Another technique could be a I and Q demodulator. This demodulates a phase shifted carrier into inphase and quadrature components. If you use your applied voltage as the demodulation reference carrier, then the I and Q channels will give you the inphase and quad components. If you phase invert the reference oscillator at a low frequency rate, then the I and Q channels should be the same amplitude but opposite in sign, so you can use any amplitude differences between the two phase to change the reference frequency's phase to null the out of phase component, the minimum value being the true one. Then the problem is that of accurately measuring the amplitudes.

Frank

Dear Frank,
thx for the reply.
Indeed, in this application an accurate determination of dissipation factor (phase shift between capacitive / resisitive component or current/voltage component) is very crucial, which normally goes down to 0.001, or even 0.0001. I've been using a precision LCR meter for the measurement, and I've been quite satisfied with the measurement, but of course I wanna get away with the benchmarking tool and have my own system.
From what I understood of your post, you're more in favor of the 2nd solution. I don't understand completely the concept though.... Could you elaborate it a bit more, or maybe elaborate it with a few numbers so I have a more concrete idea?

thanks a lot for your help!!!
 

Besides using a dedicated phase sensitive demodulator, the complex signal vector can be extracted in digital signal processing.

But whatever method you use, e.g. pure analog or digital signal processing, the peformance of the analog frontend (e.g. voltage source, I/V converter) and a precise system calibration are essential points. Finding a reliable calibration standard isn't the easiest one. Even an air capacitor will show some dissipation by humidity influence.
 

Besides using a dedicated phase sensitive demodulator, the complex signal vector can be extracted in digital signal processing.

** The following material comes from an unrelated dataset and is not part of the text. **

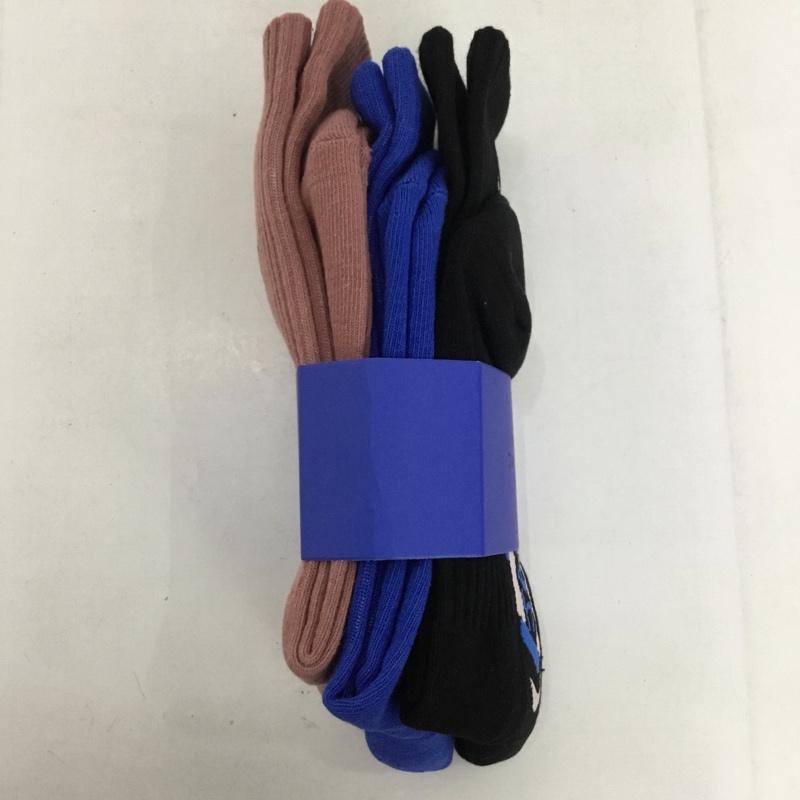 カクタスジャック Cactus Jack ファッション小物 ファッション小物 3 PACK SOCKS 靴下 3足セット ロゴ、文字 黒 / ブラック / X 青 / ブルー / X 桃 / ピンク / メンズ USED 古着 中古 10125177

But whatever method you use, e.g. pure analog or digital signal processing, the peformance of the analog frontend (e.g. voltage source, I/V converter) and a precise system calibration are essential points. Finding a reliable calibration standard isn't the easiest one. Even an air capacitor will show some dissipation by humidity influence.
Hi FvM, thx for your answer.
I believe the dissipation is caused by the non-perfect nature of the capacitor :-> the existance of resistive component in the capacitor. and that's what I'm trying to find out here now -> dissipation factor (loss tangent) of the capacitor.
I'd like to have a chip that can do the job for me.

But just come back to your answer.the complex signal vector you were talking about, can you give me an example of product that can do the job?
 

A straightforward way to process the digitized measurements would be a FPGA or fast signal processor. For signal frequencies up to 1 MHz, we would e.g. use 4 MHz ADC sampling rate.